Хлебников и Гумилев иногда общались: 28 ноября 1913 года они, судя по дневнику Хлебникова, содержательно беседовали про абиссинских кошек, не умеющих мурлыкать. «Жирафопевец» Гумилев поминается и в хлебниковских стихах.

К поэзии Маяковского Гумилев всю жизнь относился гораздо суровее. Пожалуй, здесь можно говорить даже о враждебности. «Маяковский очень талантлив. Тем хуже для поэзии. То, что он делает, — антипоэзия. Очень жаль…» (высказывание, зафиксированное Одоевцевой). Но это — уважительная враждебность. Не принимая поэтики Маяковского, Гумилев отдавал себе отчет, что имеет дело с серьезным явлением. Сам же Маяковский, втайне очень жадный и любопытный к чужому творчеству (некоторые стихи Ахматовой и Мандельштама он помнил наизусть — это был секрет, о котором знали лишь ближайшие друзья), пожелал с Гумилевым познакомиться. Вождь акмеистов поинтересовался, не говорил ли Маяковский худо о Пушкине. Оказалось, нет — не считая подписи под известной декларацией про пароход современности. Узнав, что Маяковский невинен в грехе богохульства, Гумилев согласился с ним встретиться и поговорить; но Мандельштама, подружившегося было с верзилой футуристом, призвали к порядку. С Бенедиктом Лившицем вести дружбу еще разрешалось: в конце концов, это был благовоспитанный молодой человек, заочный ученик Брюсова, автор журнала «Остров» и знаток петербургской архитектуры.

Позднее всякой дружбе пришел конец. До поры до времени взаимные выпады носили лишь, так сказать, профессиональный характер. Гумилев называл футуристов «гиенами», Маяковский (23 марта 1913 года на диспуте Союза молодежи в Троицком театре) говорил, что акмеисты «слащавы, фальшивы, крикливы», — но «тут не лицо, а только литератор». Однако в начале 1914 года появляется новая декларация футуристов — «Идите к черту», открывающая сборник «Рыкающий Парнас». Почувствовав, что вкус скандала притупился, что футуризм становится чрезмерно респектабельным, гилейцы и соединившийся на сей раз с ними Северянин создали текст, содержащий личные оскорбления в адрес практически всего петербургского литературного мира. «Рыкающий Парнас» не вышел из печати (цензура усмотрела порнографию в украшавших альманах рисунках Филонова), но несколько экземпляров разошлось по рукам — и запланированный скандал состоялся.

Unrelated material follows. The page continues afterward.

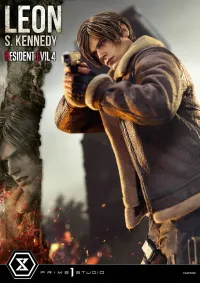 Prime 1 Studio Ultimate Premium Masterline Resident Evil 4 Leon S. Kennedy - Video Games - photo 23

Про акмеистов было сказано следующее:

…А рядом выползала свора Адамов с пробором — Гумилев, С. Маковский, С. Городецкий, Пяст, попробовавшие прицепить вывеску акмеизма и аполлонизма на потускневшие песни о тульских самоварах и игрушечных львах, а потом начала кружиться пестрым хороводом вокруг утвердившихся футуристов…

После этого Гумилев, «не отделявший литературных убеждений от личной биографии, избегал всяких встреч с будетлянами» (Лившиц). Впрочем, Хлебников рискнул отправиться к нему в Царское и попросить денег в долг («Я сначала выложу ему все, что думаю о его стихах, а потом потребую ленег. Он даст») — и вернулся с деньгами.

В круг акмеистов с тех пор допускался лишь Николай Бурлюк, подписать декларацию отказавшийся. Он даже участвовал в стихотворных забавах в «Собаке». Но младший брат Давида Бурлюка, тихий юноша-романтик, и футуристом-то стал лишь по родству.

В апреле 1912 года появляется (с издательским грифом не Цеха поэтов, а журнала «Аполлон») «Чужое небо» — четвертая (на самом деле) или третья (как указано на титуле) книга стихов Гумилева.

В числе отозвавшихся на книгу был Брюсов. Краткость и кисловатый тон его отзыва могли бы насторожить Гумилева:

По-прежнему холодные, но всегда продуманные стихи Н. Гумилева оставляют впечатление работ художника одаренного, любящего свое искусство, знакомого со всеми тайнами его техники. Н. Гумилев не учитель, не проповедник; значение его стихов гораздо больше в том, как он говорит, нежели в том, что он говорит. Надо любить самый стих, самое искусство слова, чтобы полюбить поэзию Н. Гумилева. Но так как он мыслит, много читал, много видел, то в его стихах есть также интересные мысли, заслуживающие внимания наблюдения над жизнью и над психологией. В «Чужом небе» Н. Гумилев разрабатывает темы, которых он ранее не касался, пользуется, и умело, метрами, которыми раньше не писал: интересны его «Абиссинские песни», интересен психологический анализ настроений женщины, душа которой «открыта жадно лишь медной музыке стиха», есть у него интересные, самобытные черты в картинах Востока… Гумилев пишет и будет писать прекрасные стихи: не будем спрашивать с него больше, чем он может нам дать…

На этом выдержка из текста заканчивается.